I felt ashamed. Defeated. Every day that manager screamed at me, or at my co-workers. He enjoyed making us feel small and worthless. Never before had I felt like a failure, but he brought those negative feelings out of me. It wasn’t personal, this manager treated us like crap and his boss treated him like crap. Our manager was once berated by his boss until he cried in front of his own team. The whole place was a nightmare.
Plan of Attack
The work environment there was terrible. Every day was a new exercise in psychological pain. My manager was constantly screaming at us… one of my co-workers confided in me that he planned to bring a gun to work and kill the manager, and then commit suicide. I had to report it, since it wasn’t said in jest. Every team was dysfunctional, shouting and screaming each other.
Rather than put up with it, I decided to manipulate the situation. At that time I was taught something interesting. I had learned a technique of dealing with difficult people. It was effective as it was simple.
Step 1: Know the Target
Finding a common reality was key. I needed to know all about this tyrant manager. Asking around I learned all sorts of things. He was a smoker, he had asthma, and he spent most of his time playing specific computer games.
Step 2: Build a Bridge
I had to connect myself to his reality. This affinity (for lack of a better word) between him and me would be the key to gaining control. I gathered some props to help with this.
Step 3: Run the Campaign
I needed to connect with the the manager.
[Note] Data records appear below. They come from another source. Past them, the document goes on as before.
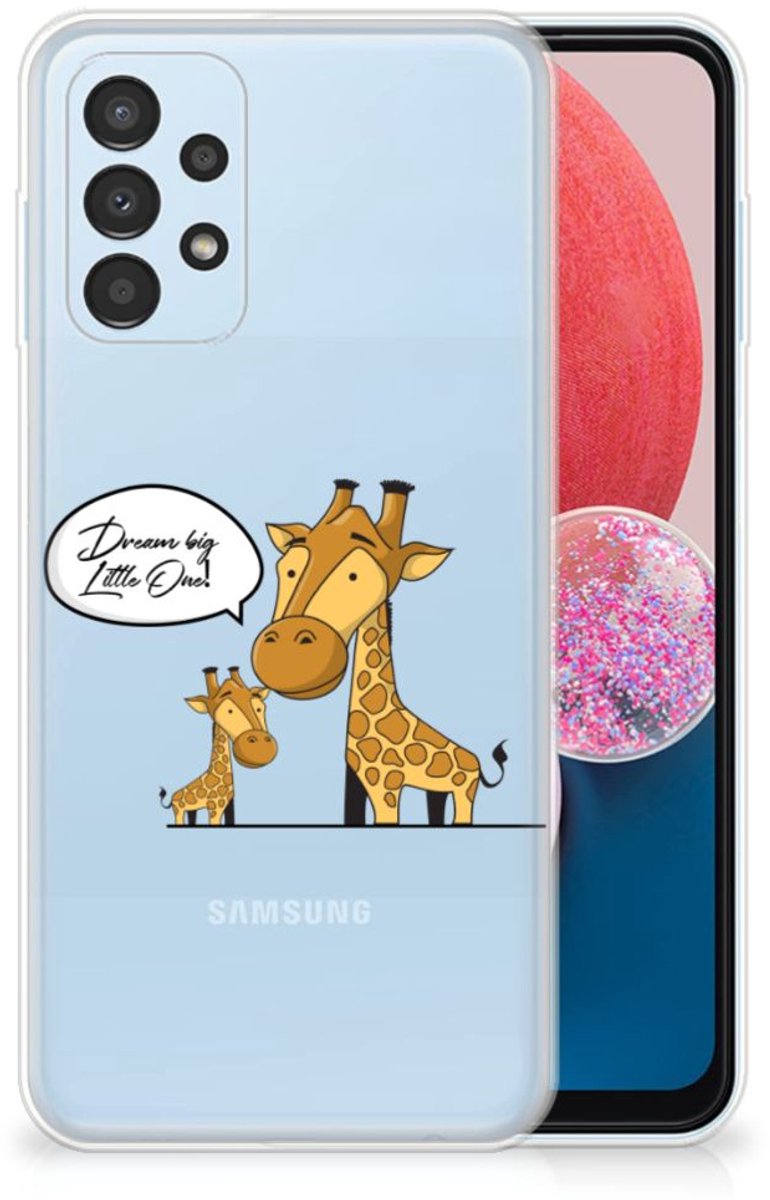 Samsung Galaxy A13 4G Telefoonhoesje met Naam Giraffe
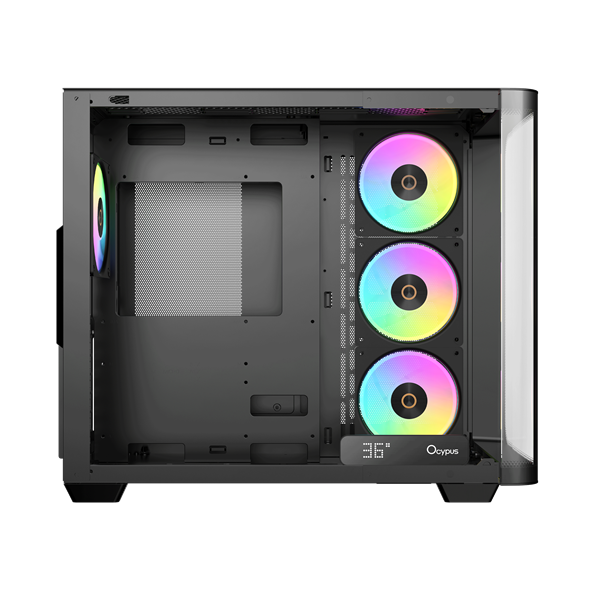 корпус Ocypus Iota C70 BK Curve ARGB Digital, ATX, Type-C*1, USB3.0*2, REAR 1x120mm ARGB, MB SIDE 3x120mm ARGB (существенное повреждение коробки)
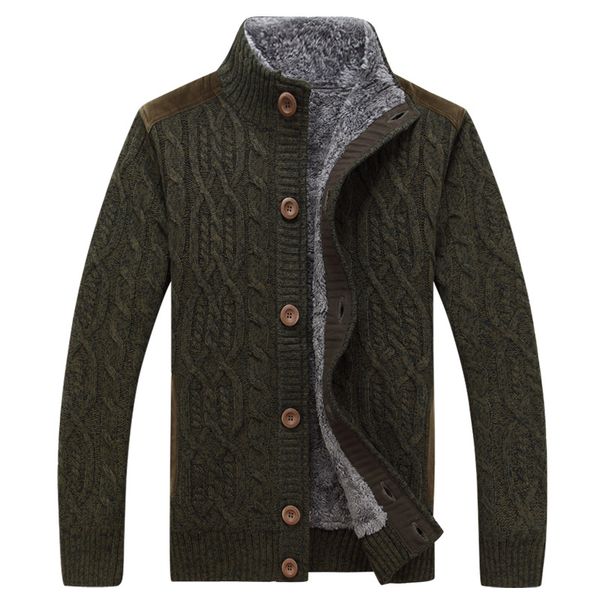 men's sweaters men casual pattern knitwear size 3xl winter warm thick velvet sweatercoat single-breasted cardigan, White;black
men's sweaters men casual pattern knitwear size 3xl winter warm thick velvet sweatercoat single-breasted cardigan, White;black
I knew he was a smoker, had asthma and he was a gamer.
Getting an asthma inhaler, and a pack of cigarettes, I put them on my desk in plain view, knowing how each morning he would scan my desk as he berated me.
He stormed in as normal, walked up to my desk and began shouting, “what’s the status with your project…” in mid sentence he stopped. He laughed, “dude! You have asthma? You smoke?! You shouldn’t do that,” he leaned in closer, “don’t worry, I’m a smoker too, and I have asthma!”
He was hooked. Now that he thought I mirrored his own nature, I worked his ego.
Step 4: Wearing the Mask
“The project… oh my god, I’m so stressed out I haven’t got the deliverables….,” I pretended to be under extreme stress. Just as I predicted, he jumped at the chance to help me… after all, helping me, was helping himself. I was allowing him to be the hero.
“Dude,” his town upbeat and positive, “relax. Come on man, let’s take a break and talk about it.” Take a break… he never allowed us to take breaks. I’ve seen him yell at people for eating lunch during a release.
We went outside, chatted, and he began to talk to me like a friend. I continued working his psychology. My contract was only for 3 months. The company had a policy to not extend contracts beyond 3-6 months. In the end I was extended 12 months. Not only was I able to manipulate my manager, but I also used a similar approach on his boss (the director of our department).
No longer were we at odds. No more yelling, screaming, belittling and no more insults. I was free, and when I wanted to leave I did. As it turned out, my work was so successful that this manager kept in touch with me for years after that job. I was present at his wedding, and even at the birthday parties of his kids.